**Your goal**
Would you print all of the entries exactly, please, but without their pictures?
BEGIN Task material
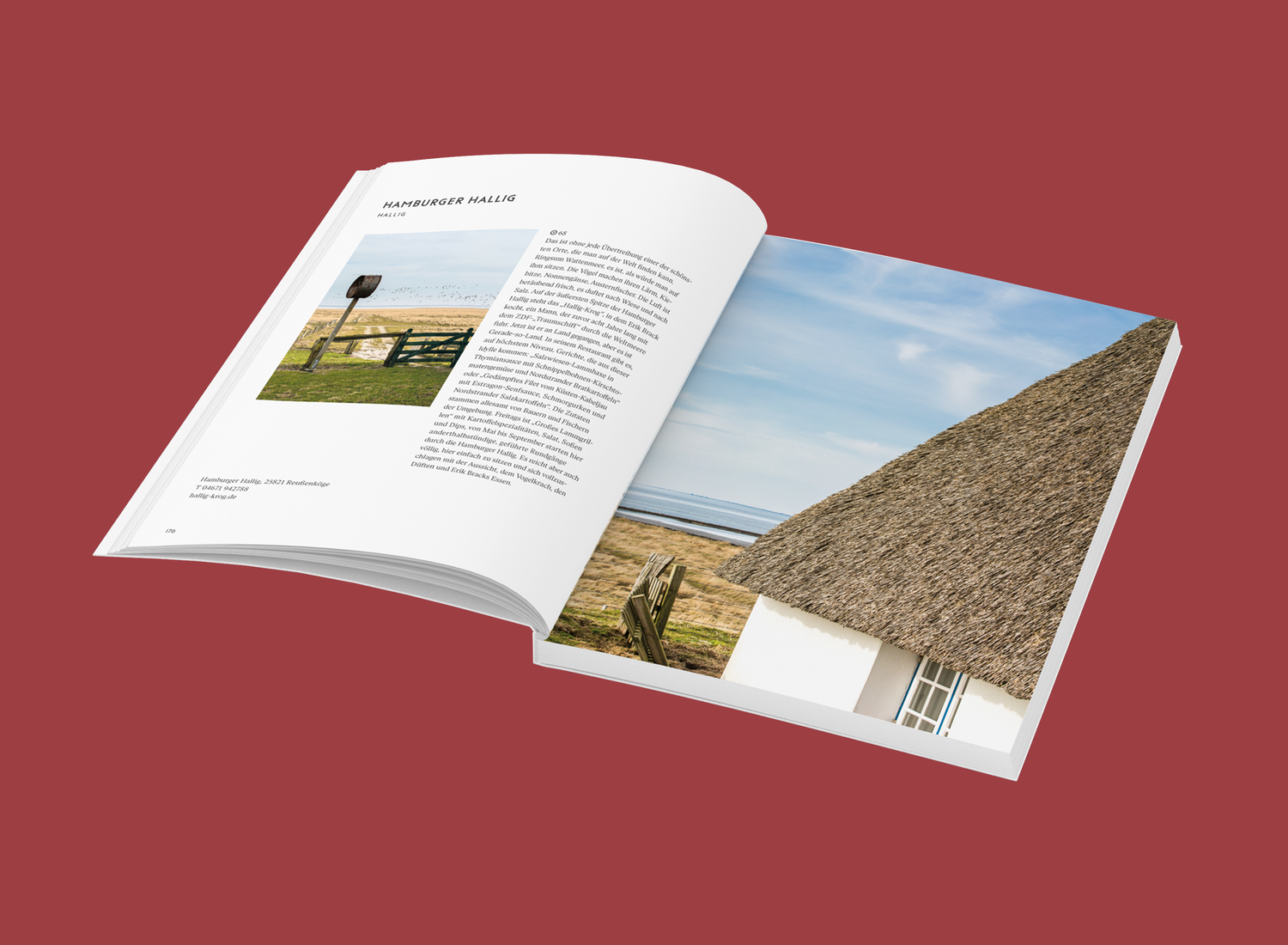 Wochenender: Nordseeküste Schleswig-Holstein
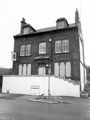 Derelict Fox and Grapes public house, No. 519 Meadowhall Road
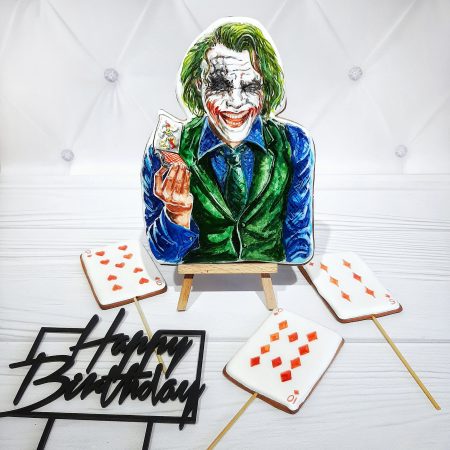 Пряник Джокер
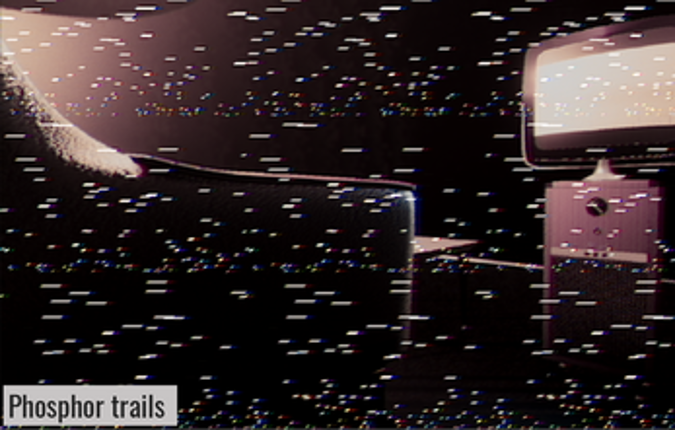 [UnityAsset] Retro Look Pro screenshot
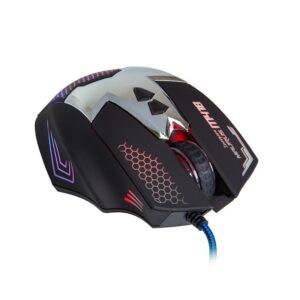 Marvo M418 - Gaming Optical Mouse 2400 DPI (Black) - Image 2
END Task material
**Exercise answer**
 Wochenender: Nordseeküste Schleswig-Holstein
 Derelict Fox and Grapes public house, No. 519 Meadowhall Road
 Пряник Джокер
 [UnityAsset] Retro Look Pro screenshot
 Marvo M418 - Gaming Optical Mouse 2400 DPI (Black) - Image 2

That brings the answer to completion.